Francisco likens John Galt to Prometheus who according to Greek mythology was punished by Zeus for having brought to men the fire of the gods. The “fire of gods” and “fountain of youth” symbolize knowledge, intellect, ability to produce, and technical know-how that John Galt, Ellis Wyatt, Dan Conway, Francisco D’Aconia, Hank Rearden, among others bring to the country. Just like Prometheus withdrew his fire, John Galt orchestrated the strike of all these men of intellect because he realized that they were no longer “regarded as part of the public”(944) and were being sacrificed to the morality of sacrifice whose main objective is to ensure the survival of the looters at the expense of the inventors and innovators. The strike is the final card which John Galt uses to demonstrate to the looters the inevitable collapse of their value system and ideology.
John Galt the Person
It is not until Part III that we meet John Galt. He is “a man of ability” (944) who refuses to suffer martyrdom at the hands of the looters. “A man of reason” (950), an intellectual, an inventor who created the motor, a philosopher who tries to define a rational perspective of existence by demonstrating to his fellow men the inherent flaws in the ideology of sacrifice which they have adopted.
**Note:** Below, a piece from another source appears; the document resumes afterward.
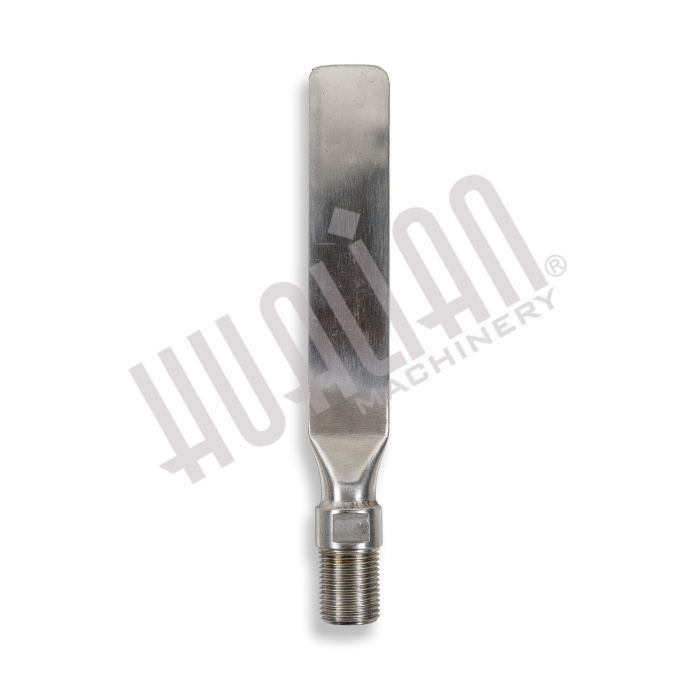 Откачивающее сопло для DZ-800W 0,5 мм (старого образца) Hualian - Купить с доставкой по всей России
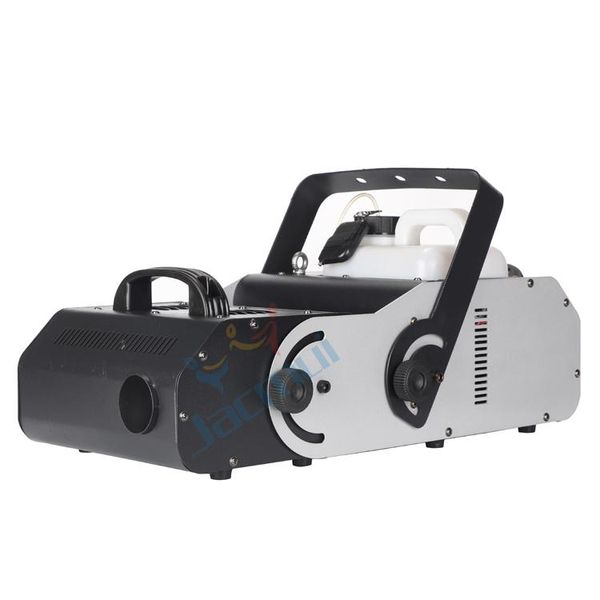 effects multiple perspectives swing 1500w wired & remote control multi angle fog machine
effects multiple perspectives swing 1500w wired & remote control multi angle fog machine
John Galt by his very nature is a rational being who premises his actions and decisions on reality and facts. He is constantly in search of truth which he is more than willing to accept regardless of whether it is frightening, unpleasant or painful. He considers reality as the handmaiden of success and happiness. This has made him a strict adherent to reality and as such shuns escapism which he believes leads to self-destruction.
He is a leader in his own right who spearheads a strike that has tremendous impact on the world’s social systems. He is a man of prodigious skill and intellect who revolutionalises man’s understanding of energy. Most importantly, he is the hero, our Atlas who having borne the weight of looters for a long time, decided to expose them.
In light of the foregoing, we see that John Galt is the epitome of an ideal man with a seemingly ethereal persona yet surprisingly relatable. His exceptional intellect and unwavering adherence to reality make him a role model for many especially in our times. A trait which we can all replicate is his allegiance to perceive reality, fidelity to facts (regardless of our feelings), and determination to challenge principles, systems etc that are geared towards exploiting peoples’ minds. Galt challenged the implementation of communist principles at the Twentieth Century Motor Company through a strike which he believed was the only way to liberate men from imprisonment of their minds. The journalist that I interviewed is challenging the performance of Prime Minister's Abiy's administration by literally speaking truth to power despite all the obstacles erected in their path. The world which we desire requires that we unchain ourselves from the hands of looters and their self-destructive ideologies and principles. The only question left to ask is: Are you or will you be John Galt?